Culte de la pierre, de l'arbre, et de la source : traditions et origines magiques de ces dieux (1/4)


Songe de Jacob (Gustave Doré)


Extrait de "Les hauts phénomènes de la magie" par le Chevalier Gougenot des Mousseaux :



CULTE DE LA PIERRE, DE L'ARBRE, ET DE LA SOURCE ; PIERRES-DIEUX, ARBRES-DIEUX, SOURCES DIVINES ; TRADITIONS ET ORIGINES MAGIQUES DE CES DIEUX



(Lire sur les bethel et les bétyles ma brochure Beth-el, seconde édition, que le savant orientaliste Drach cite, et dont il transcrivit des passages dans son Harmonie entre l'Église et la Synagogue, vol.
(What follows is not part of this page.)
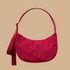 A red bag that can be a shoulder bag or a crossbody. 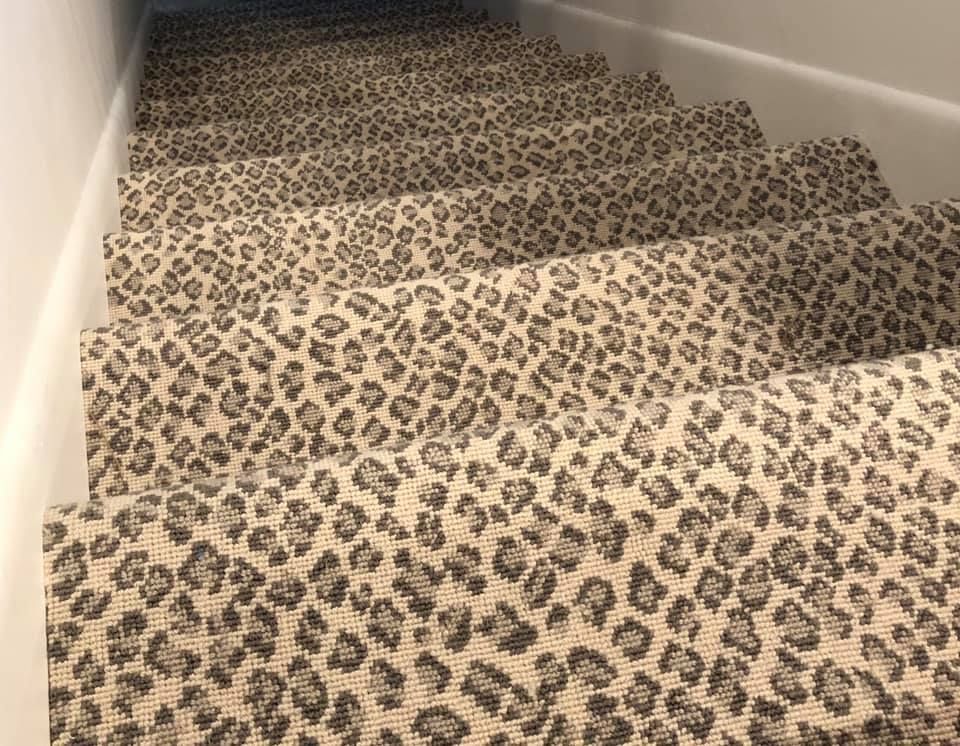 Leopard-print carpeted staircase with white walls and wooden trim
II, p. 415-6, année 1844. « Les réflexions et les investigations de M. des Mousseaux, dit-il, jettent une grande lumière sur cette matière si intéressante. » Voir, depuis, mon travail bien autrement complet et complexe Dieu et les dieux, édité dix années plus tard chez Lagny, 1854, 1 vol. in-8, 596 pages. Il y a donc plus de vingt ans que j'émis la plupart des idées qui vont suivre)


Aussitôt que la plus ancienne de toutes les histoires, aussitôt que la Bible nous permet de certifier quelque vérité, la pierre brute se présente dans le catholicisme antique, ou judaïque, comme le symbole positif, précis et invariable d'un Dieu seul et unique, envisagé dans la personne du Christ.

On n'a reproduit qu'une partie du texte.